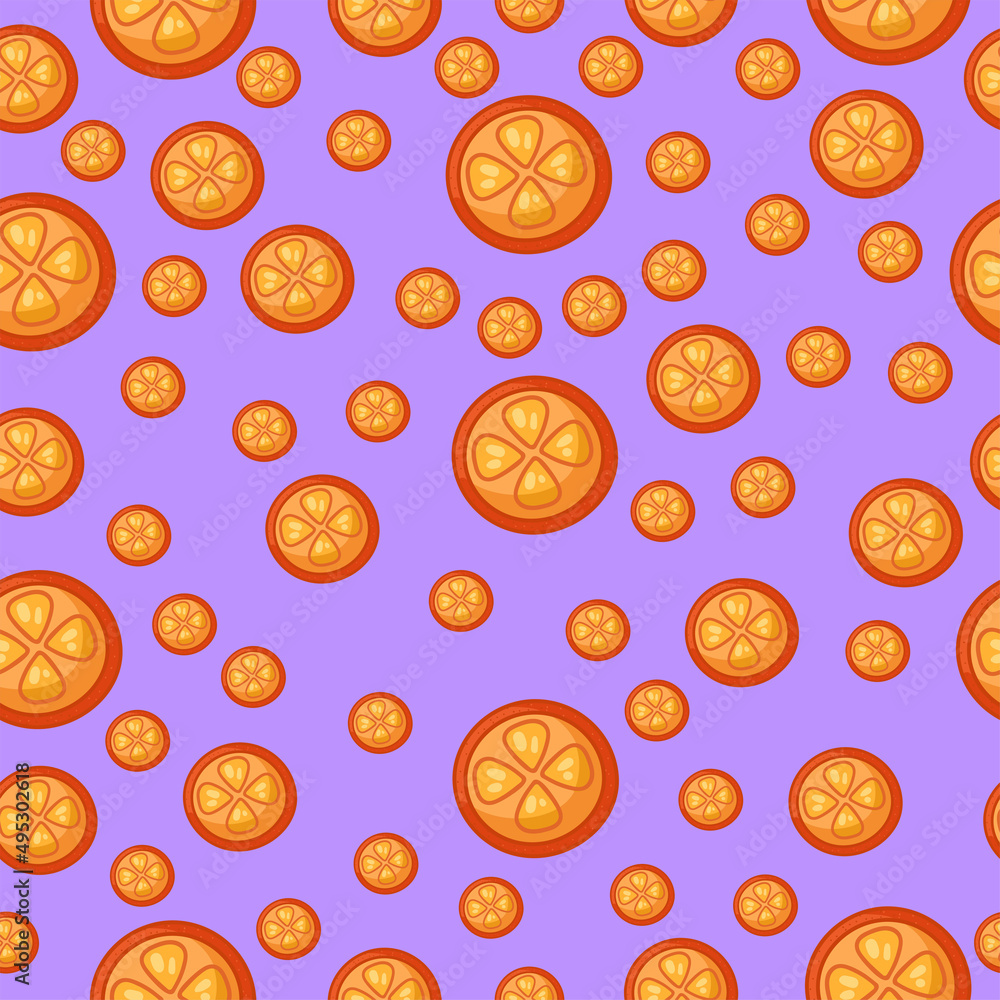 Cute refreshing seamless pattern, fruit style in vector. Delicious orange design for interior decoration, print posters, greeting cards, business banners, packaging.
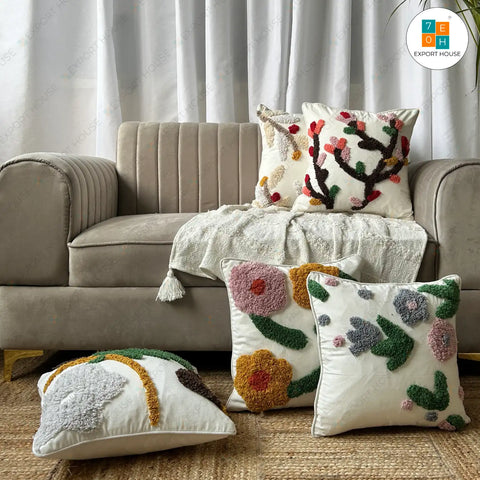 Tufted Cushion Covers Set of 5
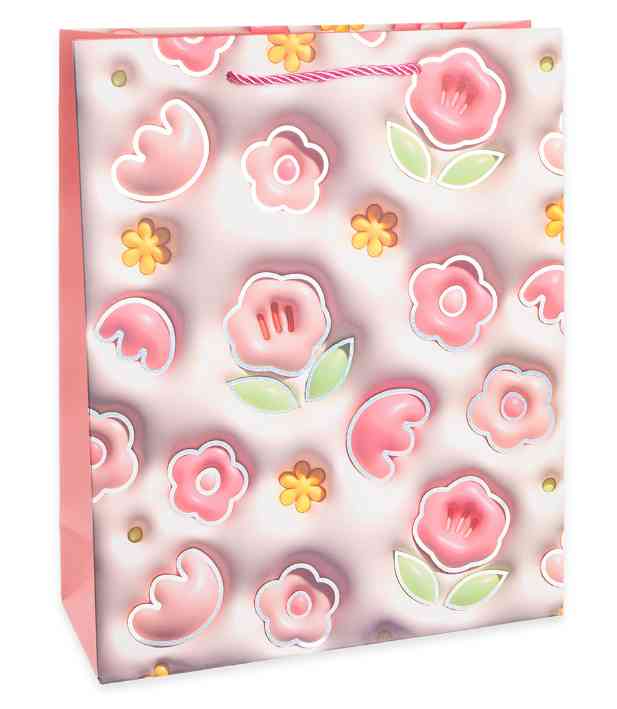 Пакет бумажный XL 31х41см Цветочная россыпь Дизайн №4 Металлик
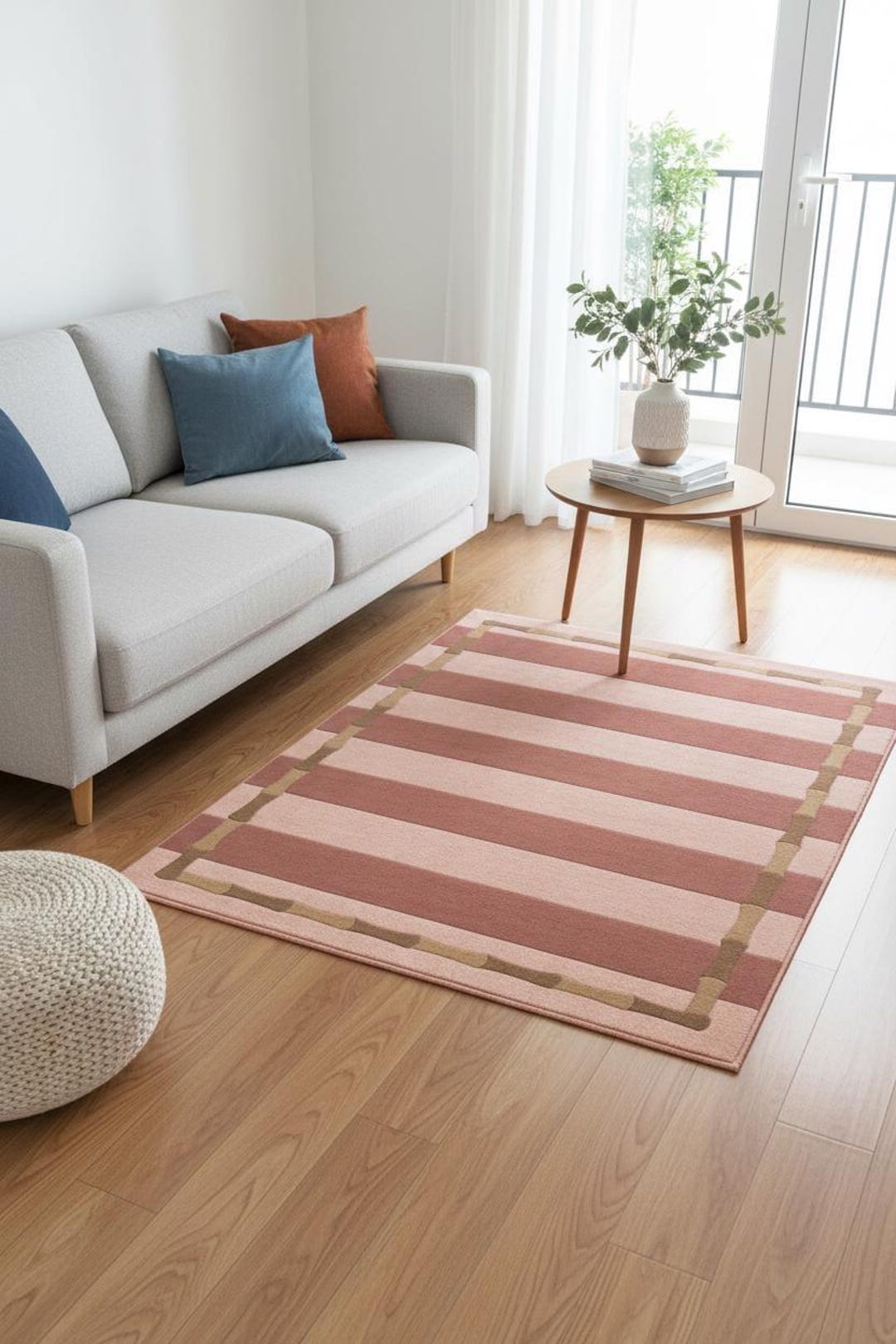 Border Area Rug Pink Pink Striped Wool Area Rug, Bamboo Border Geometric Carpets, Hand ...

* [Exercise instructions]
Find the line holding "Tufted Cushion Covers Set of 5" in the data above. Retype it and every later line exactly, through the end, but not the pictures.

* [Task output]
 Tufted Cushion Covers Set of 5
 Пакет бумажный XL 31х41см Цветочная россыпь Дизайн №4 Металлик
 Border Area Rug Pink Pink Striped Wool Area Rug, Bamboo Border Geometric Carpets, Hand ...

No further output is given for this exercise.